Perché si scrive un libro? Diciamo un romanzo, una biografia, un’autobiografia, tralasciando i saggi. Vanità? D’accordo, ma quello vale per tutto, le cose migliori le facciamo per vanità, non c’è nulla di male ad ammetterlo. Ci piace vantarci – come dice il maestro Maurizio Milani – quanto meno con noi stessi. Però ci dev’essere dell’altro. Raccontare una storia, ovvio e bellissimo. Si scrive un libro per abbracciare definitivamente qualcosa o qualcuno, come per non liberarsene mai, o per la lasciare definitivamente andare qualcosa o qualcuno, come per liberarsene per sempre. Il problema è che poi spesso queste due opposte esigenze si fondono e si mescolano, dunque tu scrivi un libro per liberarti di una cosa o una persona e crei una storia che in fondo resta per sempre, e viceversa. Mi è venuta in mente questa riflessione perché un amico ha appena scritto un libro, un romanzo noir, e un’amica ne sta scrivendo uno molto autobiografico e lo sta leggendo a un adolescente molto incuriosito. Ma, appunto, c’è dell’altro. Prendete Fedeltà del bravissimo scrittore Marco Missiroli.
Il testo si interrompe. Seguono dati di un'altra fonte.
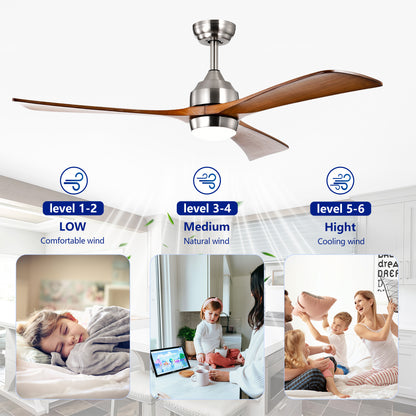 52" Satin Nickel Solid Wood Ceiling Fan with Remote - view 13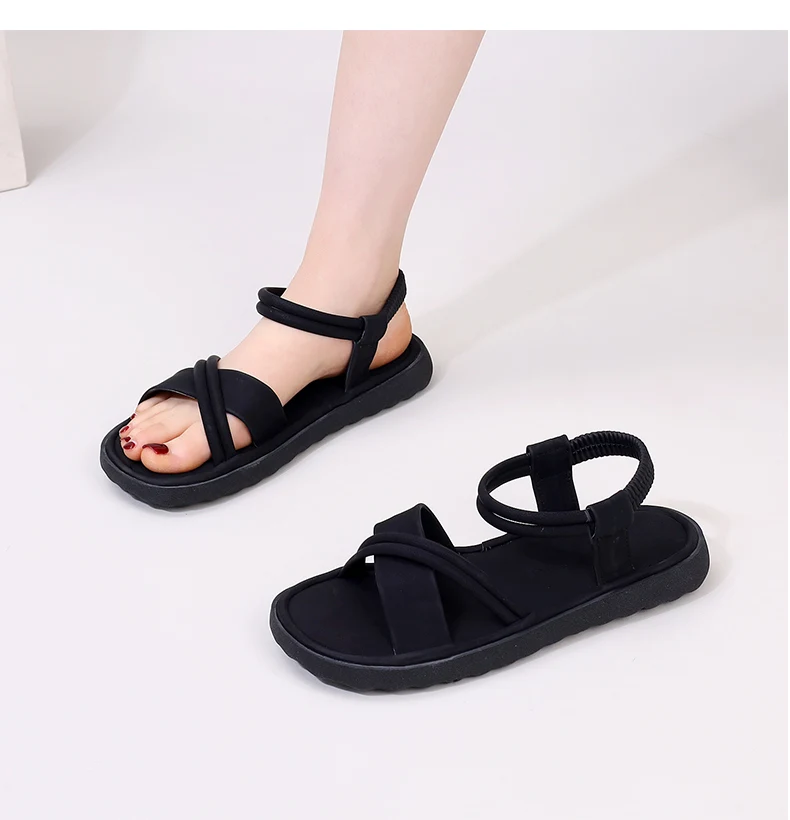 

Size 32-41 Soft Bottom Flat Sandals For Women Summer Outer Wear Cross Strap Open Toe Beach Sandals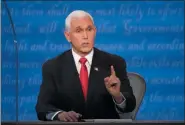 ?? JULIO CORTEZ — ASSOCIATED PRESS ?? Vice President Mike Pence makes a point during his debate with Democratic vice presidenti­al candidate Kamala Harris on Wednesday, Oct. 7, 2020, at the University of Utah in Salt Lake City.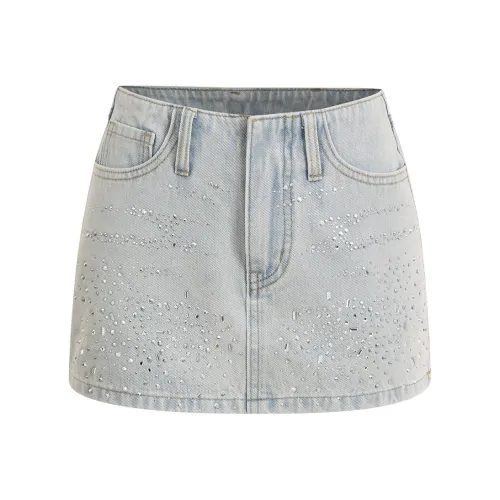CHILL QIAOER Джинсовые короткие юбки Женские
È un romanzo dolce e sontuoso, fatto di vite normali ma di vite, di personaggi normali ma di persone. Ed è diventato una serie televisiva omonima su Netflix. Però, senza voler spoilerare nulla, la serie televisiva è un’evoluzione del libro che per me dice tutto sulla differenza tra letteratura e cinema. Perché nella serie televisiva le vite diventano (più) estreme, i look più marcati, i personaggi più personaggi e meno persone. Quindi forse scriviamo un libro per far diventare normale, cioè una storia, tutto ciò che ci sembra estremo, televisivo e/o cinematografico, mentre lo viviamo. Questa elucubrazione intellettualoide, questa super cazzola, direbbe il conte Mascetti, cioè il maestro Ugo Tognazzi (a proposito, tanti auguri per i cento anni festeggiati lassù e ricordati quaggiù dal bel documentario La voglia matta di vivere di Ricky Tognazzi presentato al BAff alcuni giorni fa), forse serve almeno in parte per capire i destinatari – in commercialese si potrebbe dire “i target” – di un libro rispetto a una serie televisiva, o la predisposizione che abbiamo quando leggiamo un libro, come Fedeltà, e cioè voglia di riflessione, di introspezione e di normalizzazione pensosa, o quando guardiamo una serie televisiva, come Fedeltà, e cioè voglia di svago, di emozione e di radicalizzazione divertita. Insomma, siamo sempre noi alle prese con i nostri opposti interiori e con la voglia di lasciare andare tutto e di non lasciare andare mai nulla, di essere noi stessi l’attimo prima e l’attimo dopo dei nostri istinti magnetici, dei nostri poli opposti. È la nostra matta e saggia fedeltà a noi stessi.